You may work with one other person on this lab.
If you do, please submit only one version (from either account), but be sure
to put both your names on your assignment.
If you develop you code on your own machine, make sure it works on a CS Lab
machine before you submit your final version.
A palendromic number is a positive integer whose digits read the same forwards and backwards. For example, 1, 454, and 94649 are palendromic numbers.
Your assignment is to write an assembly language program that inputs an integer and finds the smallest number greater than the number entered that is a palendromic number. However, because integers are stored in two's complement binary in 32 bits, it is possible that the first such number will not fit (i.e., overflow). In this case, print the word "overflow" instead of the number.
For example, if your program read the integer 1, then it should output 2, if your program read the integer 50, then it should output 55, or if your program read the integer 2147483647, then it should output overflow.
You can assume that the input integer will always be greater than or equal to 1 and will fit in 32 bits (signed).
Your program should read one number and print one number. DO NOT write a loop that repeatedly reads numbers and prints results.
I suggest you write this first in Java/C/C++ so you can focus on the algorithm. Efficiency is not important, correctness is, so you don't have to find the most efficient algorithm.
Use any assembly language instructions you want, including pseudo-instructions. If fact I encourage you to use pseudo-instructions when possible to make the code easier to understand.

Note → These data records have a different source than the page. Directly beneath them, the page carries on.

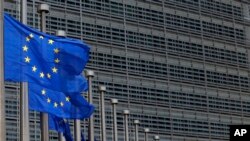 FILE - European Union flags set of half staff outside the European Commission headquarters in Brussels, Belgium.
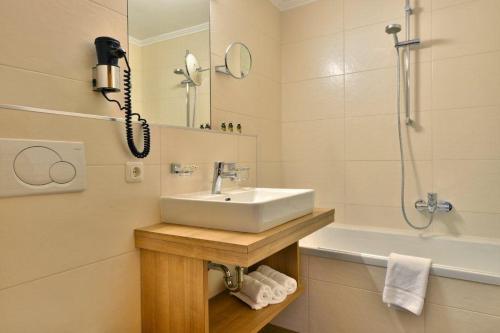 La salle de bains est pourvue d'un lavabo, d'une douche et d'un téléphone. dans l'établissement Gasthof und Hotel Rieder GmbH, à Jenbach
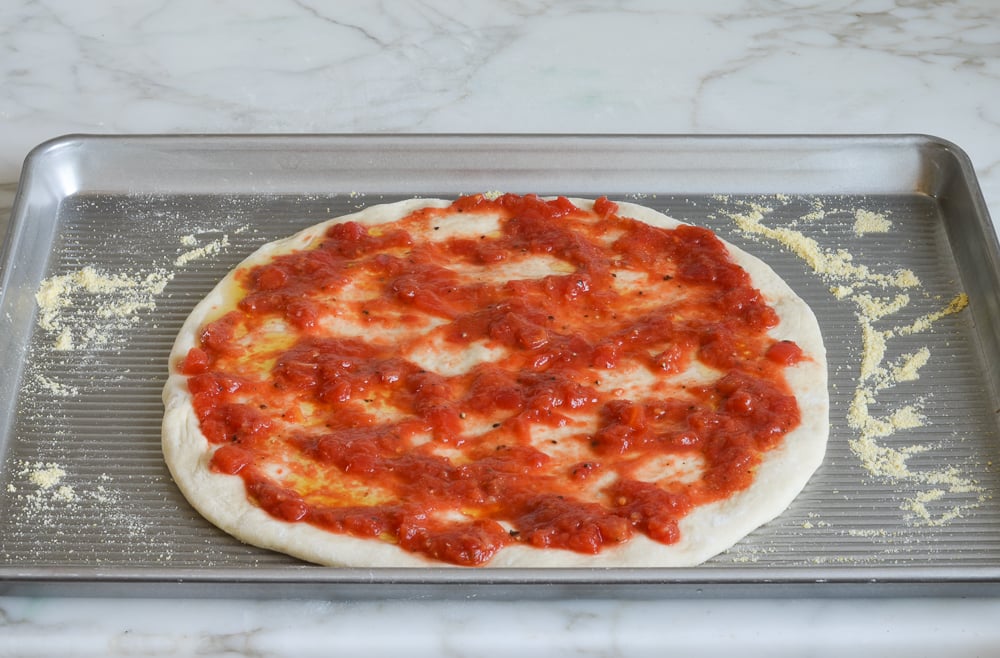 spreading the sauce on the dough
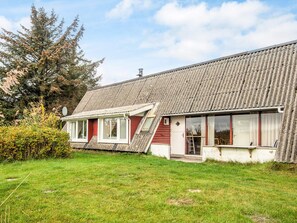 A two-story house with a sloped roof, a small porch, and a grassy yard. - 4 Person Holiday Home in Romo (Rømø)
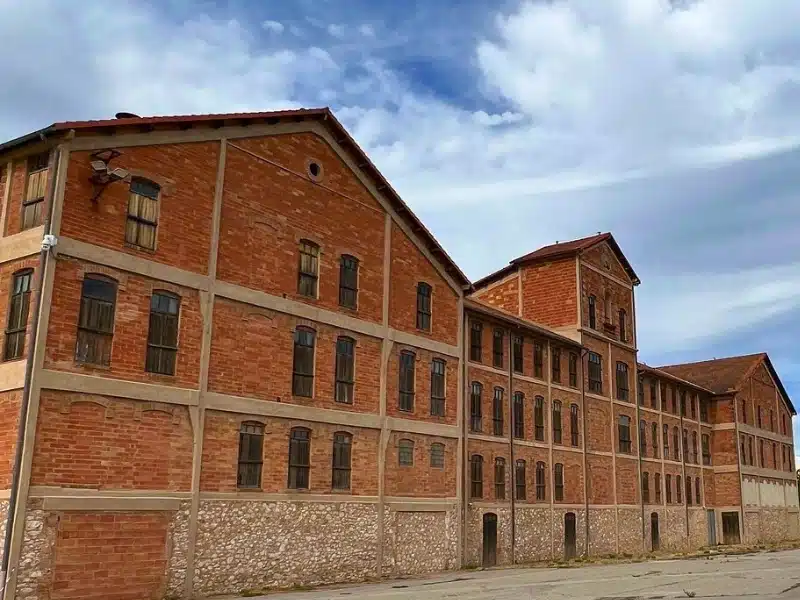 large brick and stone building with many windows 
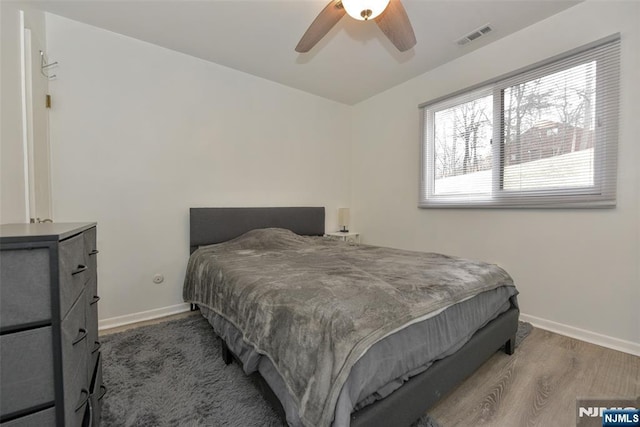 bedroom featuring ceiling fan, visible vents, baseboards, and wood finished floors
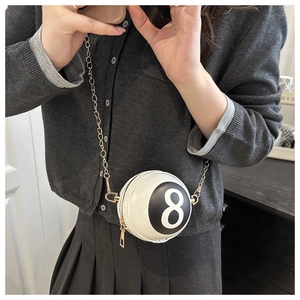 Detail of creative 8-ball round crossbody bag with white faux leather and gold chain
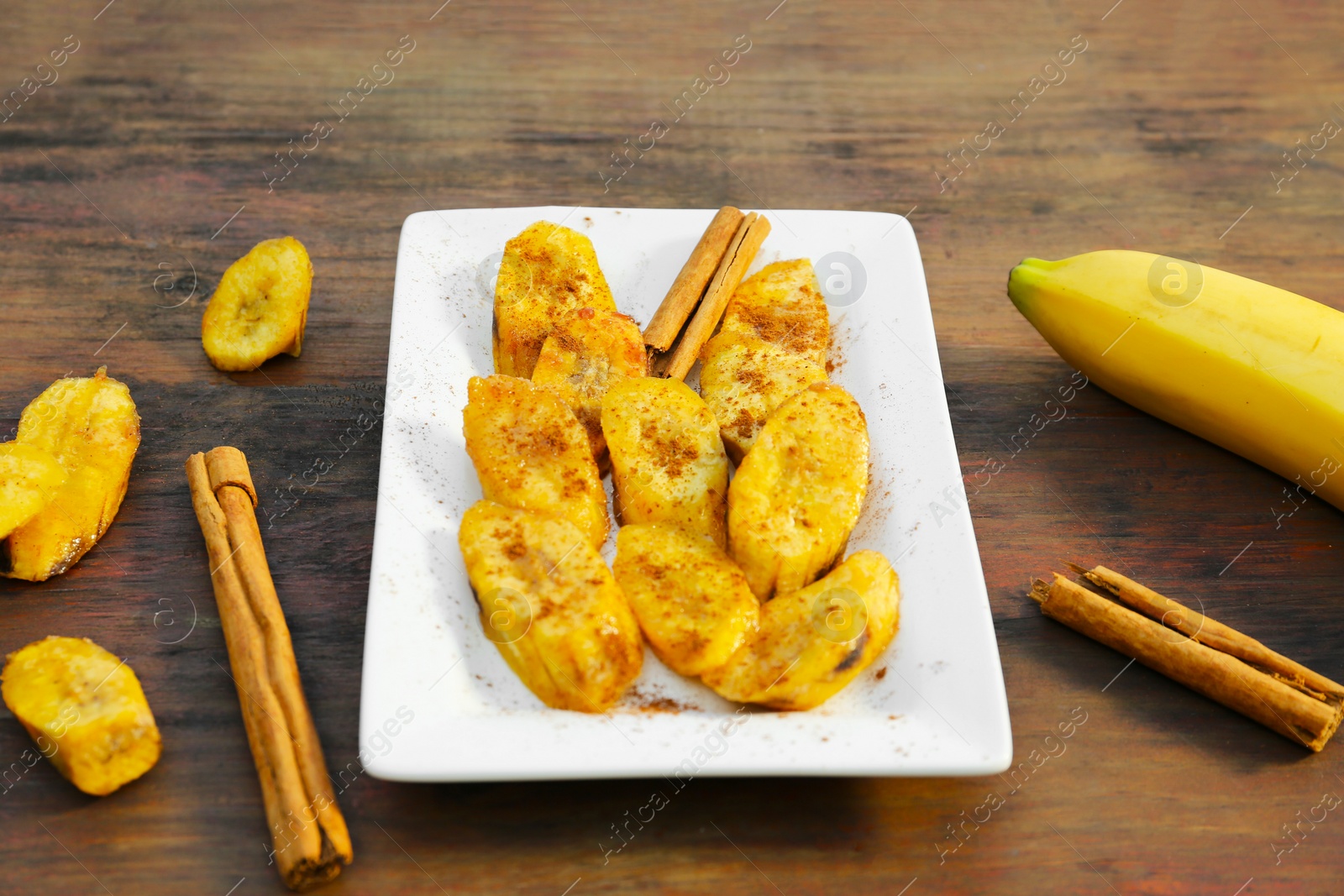 Photo of Tasty deep fried banana slices and cinnamon sticks on wooden table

Hint - if N is an integer value, then N % 10 is the low order (rightmost) digit value of N (e.g., 349 % 10 = 9). Also, N / 10 (integer division!) is a new value that no longer contains the lower order digit (e.g., 349 / 10 = 34).
Here is an example of a properly appearing program:
# Sue Percoder # Seth Lesthan # CS3421 Fall 2005 # Lab Assignment 1 # # This program computes the ... # this code does something interesting main: sub $s1,$s2,$s2 # this does something add $s1,$s2,$s2 # this does something too # this code does something even more interesting here: lw $t0,8($s1) # so does this addi $t0,$t0,5 # as does this sub $t0,$s4,$s7 # and this # terminate jr $ra # exit
Test your program as completely as you can. Then use the submit command to electronically submit your "lab1.s" file to "cs3421", assignment "lab1" by the due date.
You must submit your program by the due date/time in order to receive credit.